Competition Level: Evaluate the top 10 listings. If dominated by sellers with 1,000+ reviews, the market is difficult to penetrate. Look for opportunities where top sellers have 50-300 reviews—enough demand to validate the market, not so many that differentiation is impossible.

Profitability: Calculate net margin after all costs. Target minimum 30% net margin (revenue minus product cost, FBA fees, shipping to Amazon, PPC, and referrals). Products under $15 retail rarely achieve profitable margins after FBA fees.

Physical Characteristics: Avoid hazmat, fragile, oversized (18"+ on longest side), or heavy items (5+ pounds) when starting. These dramatically increase FBA fees and damage rates. Ideal products: 6"-15" in size, under 2 pounds, durable materials.

Market Stability: Check 90-day sales rank history. Consistent ranks indicate steady demand. Wild fluctuations suggest seasonal products or fad items that will leave you with stranded inventory.

Professional product research tools like Jungle Scout, Helium 10, or Seller Assistant App compress research time from hours to minutes. These platforms provide sales estimates, profitability calculations, competition analysis, and restriction checking in consolidated dashboards. Seller Assistant App specifically identifies products with IP complaints, restriction histories, or account health risks—critical information for avoiding account suspensions.

Step 5: Register Your Seller Account

Amazon's registration process requires specific documentation. Prepare these items before starting:

  • Business email address (not a free Gmail/Yahoo account—use a domain-based email)
  • Valid government-issued photo ID (driver's license or passport)
  • Bank account information for disbursements
  • Chargeable credit card for monthly fees
  • Tax information (SSN for individuals, EIN for businesses)
  • Business address (residential addresses are acceptable for sole proprietors)
  • Phone number for verification

Navigate to sellercentral.amazon.com and click "Register Now." Complete the application, providing accurate information that matches your government ID exactly. Amazon's verification team cross-references all data; discrepancies trigger delays or rejections.

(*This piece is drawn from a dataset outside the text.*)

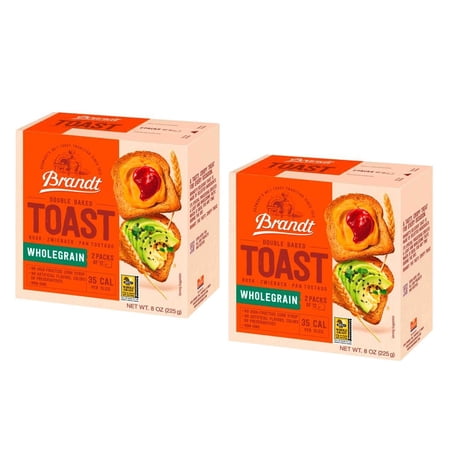 Brandt Toast, Zwieback, Whole Grain Rusk, Double Baked, 8 Ounces, 2 Pack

After submission, Amazon verifies your information through automated and manual review processes. Approval typically takes 24-72 hours but can extend to 2-3 weeks if additional documentation is requested. During verification, Amazon may require utility bills, bank statements, or business licenses to confirm your identity and location.

Once approved, complete your account setup by configuring tax settings, setting up automatic disbursements, and familiarizing yourself with Seller Central's dashboard. Take Amazon's free seller training courses before listing your first product—they cover critical policies that protect your account health.

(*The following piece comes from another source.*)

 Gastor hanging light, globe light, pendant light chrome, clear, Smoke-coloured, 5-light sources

How to Order from a Third-Party Seller on Amazon?

Amazon has intentionally designed the buyer experience to be identical regardless of whether customers purchase from Amazon retail or third-party sellers. This transparency benefits 3P sellers by providing equal visibility and conversion opportunities.

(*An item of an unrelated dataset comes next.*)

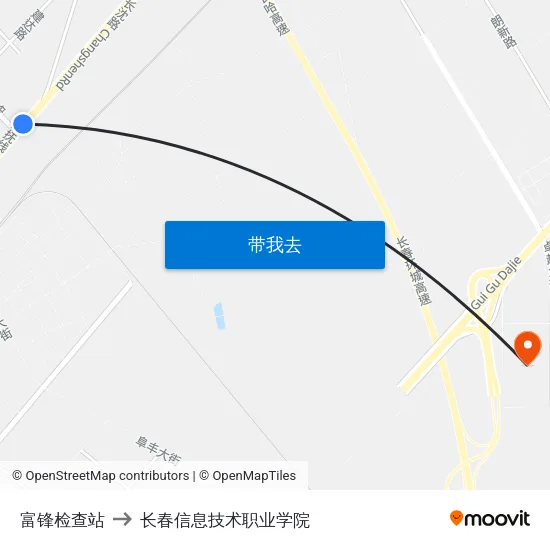 富锋检查站 to 长春信息技术职业学院 map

Customers browse products, read descriptions and reviews, and add items to their cart following the standard Amazon checkout process. The seller identity appears in small text near the "Add to Cart" button—most customers don't actively notice or consider whether they're buying from Amazon or a third-party merchant.

Payment processing occurs through Amazon's payment system. Customers never provide payment information directly to third-party sellers. Amazon captures funds when the order ships (for FBA) or when the seller confirms shipment (for FBM), then disburses payment to the seller on a 14-day rolling basis minus applicable fees.

For FBA orders, Amazon handles the entire post-purchase experience: shipping notifications, delivery tracking, customer service inquiries, and returns processing. Customers interact exclusively with Amazon's systems and receive Prime shipping benefits. This creates a seamless experience that drives FBA conversion rates 3-5x higher than FBM listings.

For FBM orders, third-party sellers manage shipping and customer service directly. They must ship within their promised handling time (typically 1-2 business days) and provide valid tracking information. Sellers respond to customer messages within 24 hours and process returns according to Amazon's policies.

Customers can cancel orders within 30 minutes of placement directly through their account. After 30 minutes, they must request cancellation from the seller. For FBA orders, Amazon typically approves cancellations before items ship. For FBM orders, sellers have discretion but should approve reasonable cancellation requests to maintain performance metrics.

Amazon protects buyers through the A-to-z Guarantee, which covers orders that don't arrive, arrive damaged, or don't match the listing description. If resolution attempts with the seller fail, customers can file A-to-z claims, and Amazon investigates. Claims against sellers negatively impact account health metrics—maintaining claims below 0.5% of orders is critical for account standing.

This buyer protection system drives customer confidence in third-party purchases. When listings are accurate, shipping is prompt, and customer service is responsive, third-party sellers benefit from Amazon's trust infrastructure without the margin compression of 1P relationships.

How to Contact Third-Party Seller on Amazon?

Amazon provides a messaging system that allows buyers and sellers to communicate while protecting both parties' privacy. Neither party receives direct email addresses or phone numbers; all communication routes through Amazon's platform.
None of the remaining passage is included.